Aktuelle Neurologie 2005; 32 - P87
DOI: 10.1055/s-2005-866664

Riechfunktion bei Patienten mit atypischen Parkinson-Syndromen im Langzeitverlauf

K Scholz 1, T Hummel 1, H Reichmann 1, B Herting 1
  • 1Dresden

Hintergrund und Ziel: Ausgeprägte Riechstörungen sind ein frühes Kardinalsymptom des idiopathischen Parkinson-Syndroms (IPS) und werden bei 80–90% der Patienten beobachtet. Sie entwickeln sich offensichtlich Jahre vor Erstmanifeststion der motorischen Defizite und sind dann unabhaengig von Krankheitsdauer, Stadium des IPS, klinischem Subtyp oder Antiparkinson-Medikation.

Ihre differenzialdiagnostische Bedeutung unterstrichen G. Wenning und Mitarbeiter bereits 1995, indem sie nachweisen konnten, dass Patienten mit Multisystematrophie (MSA) dagegen nur ein geringes olfaktorisches Defizit aufwiesen und Patienten mit progressiver supranukleärer Blickparese (PSP) bzw. kortikobasaler Degeneration sogar ein normales Riechvermögen zeigten. Daten zum Langzeitverlauf der Riechfunktion bei atypischen Parkinson-Syndromen lagen bisher allerdings nicht vor.

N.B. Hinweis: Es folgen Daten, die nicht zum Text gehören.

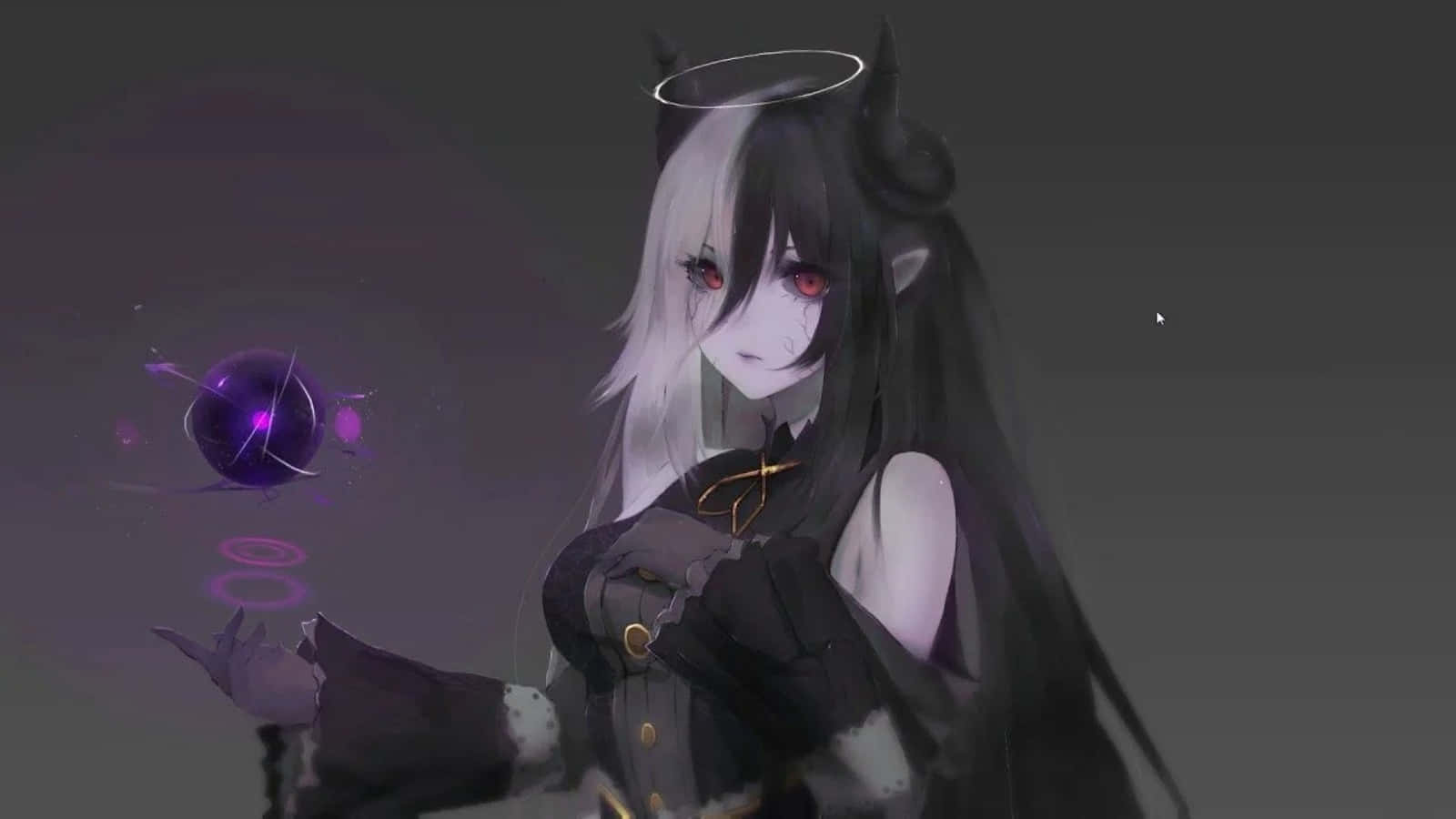 Un demon anime care pândește în umbre Fundal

In der vorliegenden Studie sollte deshalb untersucht werden, wie sich das Riechvermögen von Patienten mit MSA oder PSP über einen Zeitraum von einem Jahr entwickelt.

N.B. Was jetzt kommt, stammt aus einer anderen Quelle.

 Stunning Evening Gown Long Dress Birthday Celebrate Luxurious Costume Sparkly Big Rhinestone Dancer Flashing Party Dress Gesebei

Patienten und Methode: Als validierten klinischen Test zur Untersuchung des Riechvermögens verwendeten wir den „Sniffin-Sticks“-Test, bestehend aus einer Geruchsschwellenmessung (3fach „forced choice“, „single staircase“), sowie einer Diskriminations- (3fach „forced choice“) und Identifikationsprüfung (4fach „forced choice“). Die Schwere der Riechstörung wurde durch den SDI-Wert ermittelt, der sich aus den 3 Subtests zusammensetzt.

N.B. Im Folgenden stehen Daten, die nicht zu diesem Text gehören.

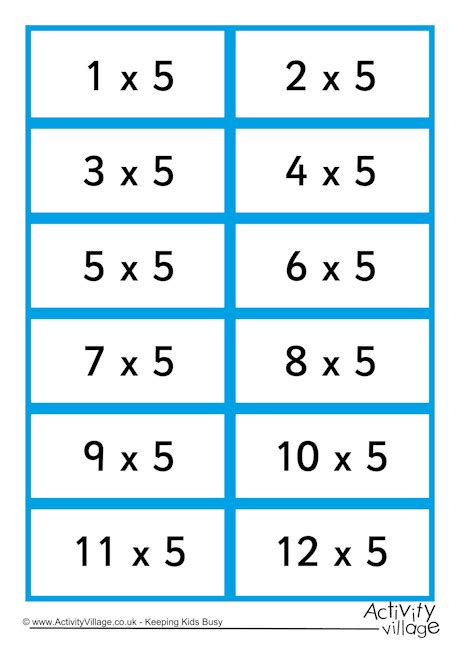times table flash cards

Wir untersuchten 10 konsekutive PSP-Patienten (mittlere Krankheitsdauer: 5,5±2,6; Hoehn und Yahr-Stadium (H+Y) im Mittel: 3,9) und 7 konsekutive MSA-Patienten (Parkinson-Subtyp; mittlere Krankheitsdauer: 5±2,4; H+Y im Mittel: 4,1).

Die Riechtestung erfolgte bei jedem Patienten drei Mal innerhalb eines Jahres im Abstand von 6,1±0,98 Monaten.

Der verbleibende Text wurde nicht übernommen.